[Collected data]
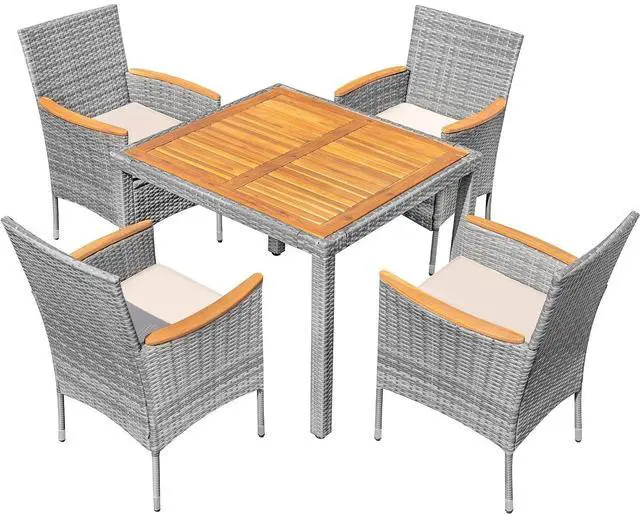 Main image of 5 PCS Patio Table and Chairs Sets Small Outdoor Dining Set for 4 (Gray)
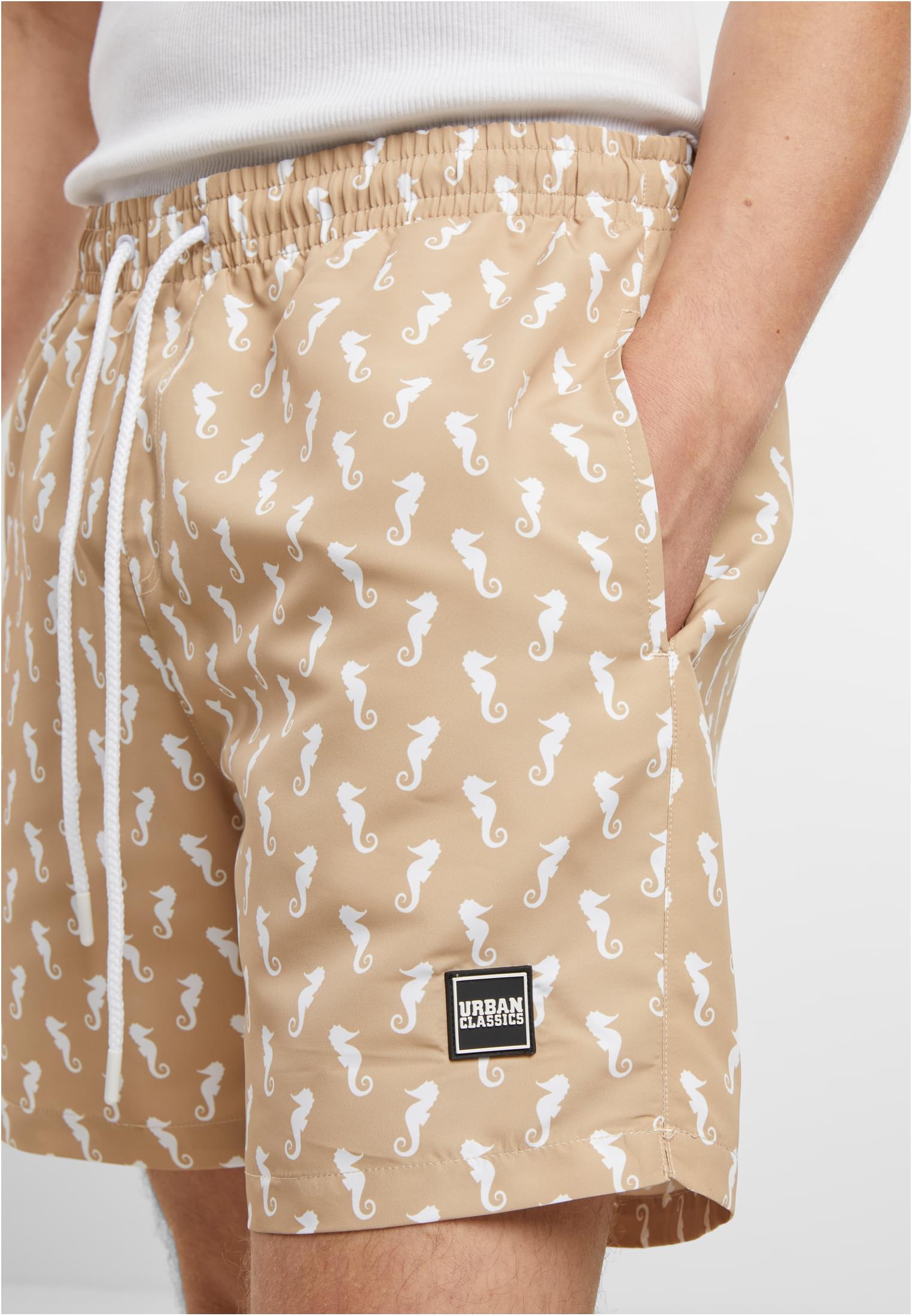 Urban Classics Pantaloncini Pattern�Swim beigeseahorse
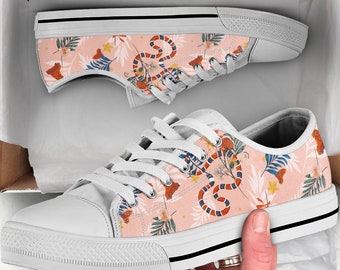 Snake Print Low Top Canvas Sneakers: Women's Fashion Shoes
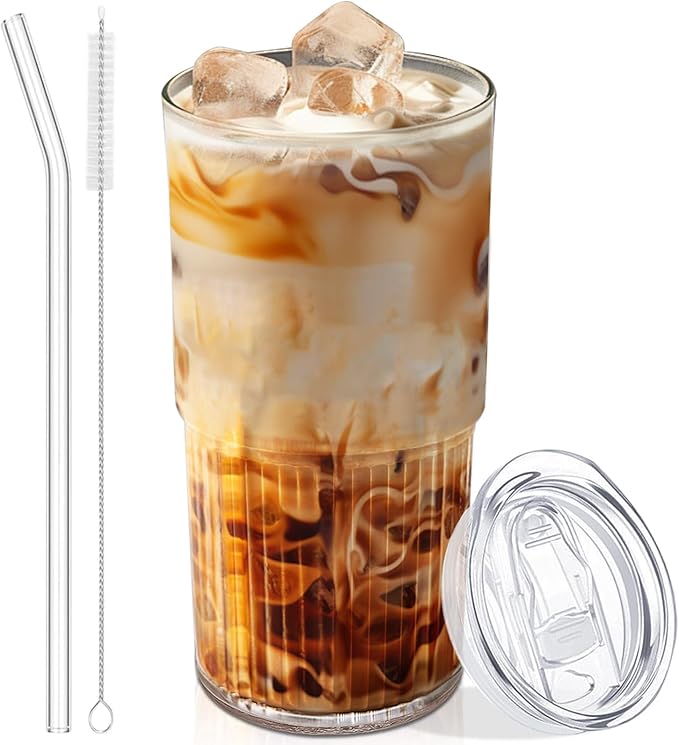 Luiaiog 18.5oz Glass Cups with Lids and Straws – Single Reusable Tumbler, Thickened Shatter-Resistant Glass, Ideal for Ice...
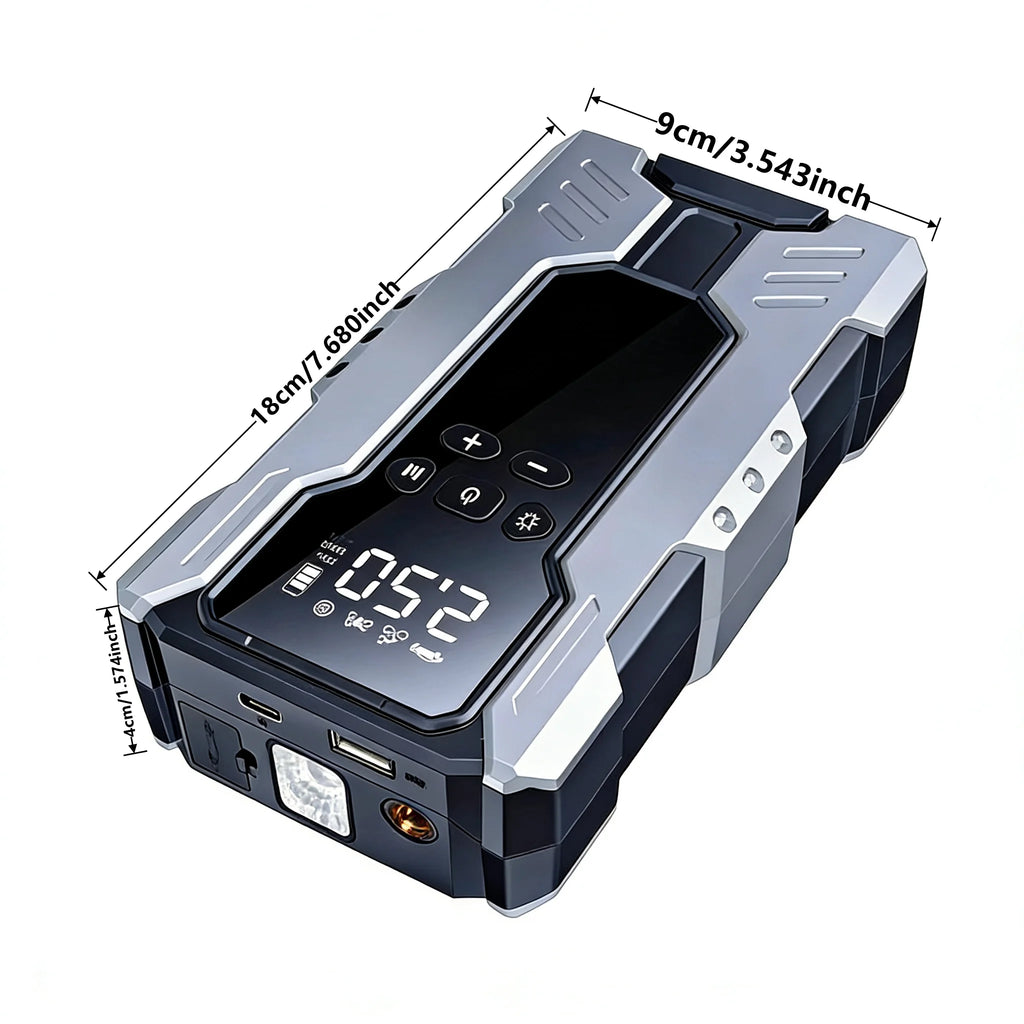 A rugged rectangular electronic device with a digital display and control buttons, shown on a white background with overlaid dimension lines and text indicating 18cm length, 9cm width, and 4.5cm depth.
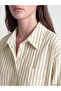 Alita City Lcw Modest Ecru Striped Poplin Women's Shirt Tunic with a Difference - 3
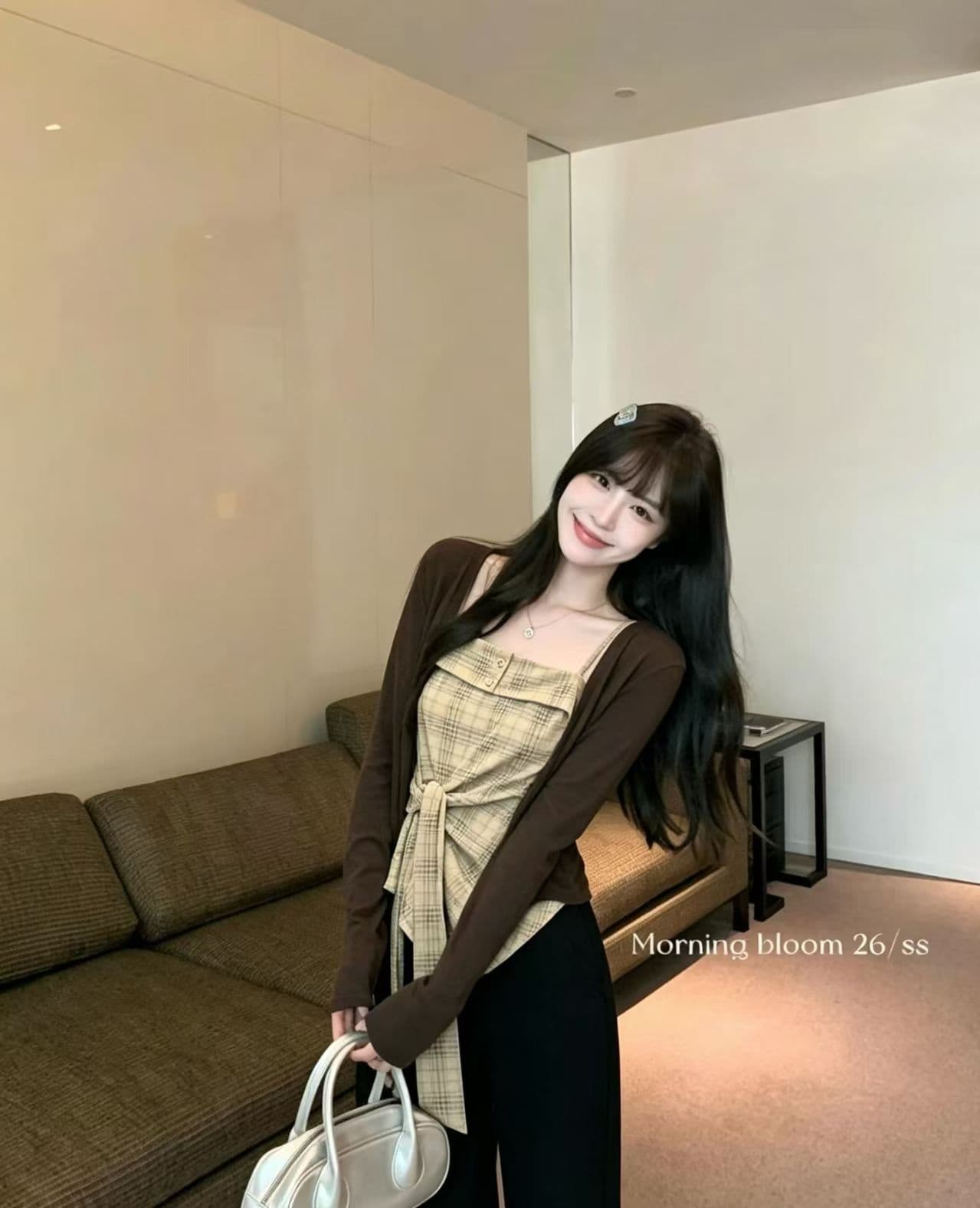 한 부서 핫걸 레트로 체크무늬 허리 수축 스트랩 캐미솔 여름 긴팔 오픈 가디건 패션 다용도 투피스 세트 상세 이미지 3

▶ **TASK ITEM**
Your task is to set down each line above verbatim while excluding the pictures.

▶ **SOLUTION BELOW**
 Main image of 5 PCS Patio Table and Chairs Sets Small Outdoor Dining Set for 4 (Gray)
 Urban Classics Pantaloncini Pattern�Swim beigeseahorse
 Snake Print Low Top Canvas Sneakers: Women's Fashion Shoes
 Luiaiog 18.5oz Glass Cups with Lids and Straws – Single Reusable Tumbler, Thickened Shatter-Resistant Glass, Ideal for Ice...
 A rugged rectangular electronic device with a digital display and control buttons, shown on a white background with overlaid dimension lines and text indicating 18cm length, 9cm width, and 4.5cm depth.
 Alita City Lcw Modest Ecru Striped Poplin Women's Shirt Tunic with a Difference - 3
 한 부서 핫걸 레트로 체크무늬 허리 수축 스트랩 캐미솔 여름 긴팔 오픈 가디건 패션 다용도 투피스 세트 상세 이미지 3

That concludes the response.